Cosine Similarity is used as a measure of similarity between two non-zero vectors. Here the vectors can be both user or item based.
Let us take an example, Assume that a user A has specifically shown interest towards property X from the hotel_type table (the user has previously booked the property or has searched for the property X multiple times recently), we now have to recommend him properties that are similar to property X. To do so, we are going to find the similarity between property X and the rest of the properties in the table.
We can clearly see that property Q has the highest similarity with property X and followed by property P. So if we are to recommend a property to user A, we will recommend him property Q knowing that he has a preference for property X.

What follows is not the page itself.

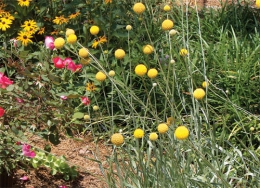 Садовый цветок Краспедия шаровидная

Pearson Correlation: It is a measure of linear correlation between two variables. The values range from -1 to 1.
Let us take an example where we are getting explicit input from the user where the user is shown the 4 categories (WiFi, Budget, Couple, Nature). The user has the option to provide his input by selecting as many as he wants, he can even select none. Considering the case when a user B has selected at least one of the 4 options. Now, assume user B’s input looks like the following:
While one can say that we can use cosine similarity in this case by just filling in the null values as 0. However, it is not advised to do so since, cosine similarity assumes the 0’s as a negative preference and in this explicit signal we cannot for sure say that user B is not looking for a couple friendly or a budget friendly property just because the user has not given an input in that field.

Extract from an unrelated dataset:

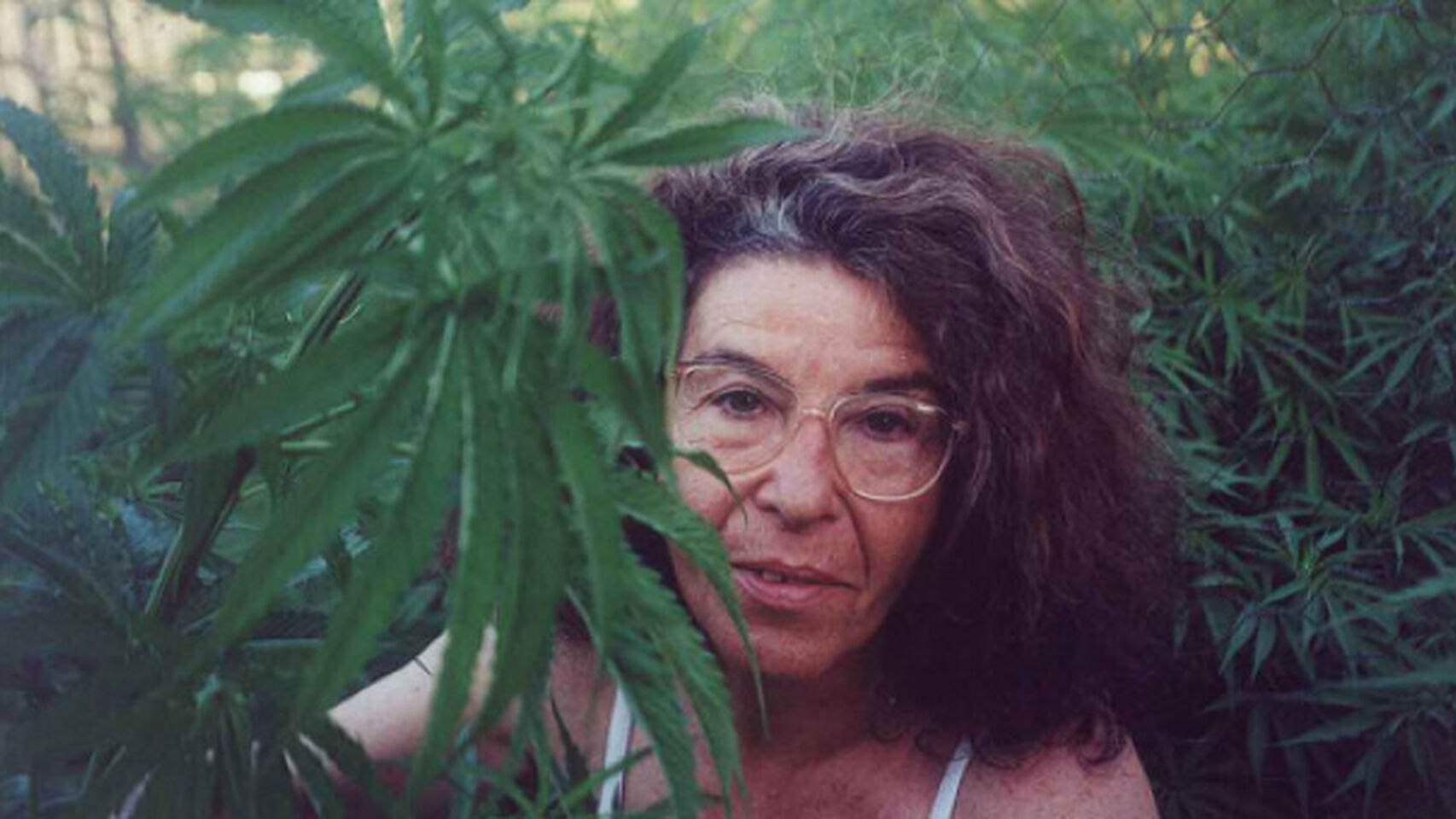 Abuela Marijuana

Hence, to avoid this, we use Pearson correlation and the output of the similarity measuring technique would look like the following:
We can see that property Z is highly correlated to user B’s explicit signal and hence, we will provide Z as a recommendation for user B.
So, for the set of users E (explicitly proving us their preference) we will use Pearson Correlation and for the set of users I (implicitly telling us that he/she is looking for a property with a certain set of attributes), we will use Cosine Similarity.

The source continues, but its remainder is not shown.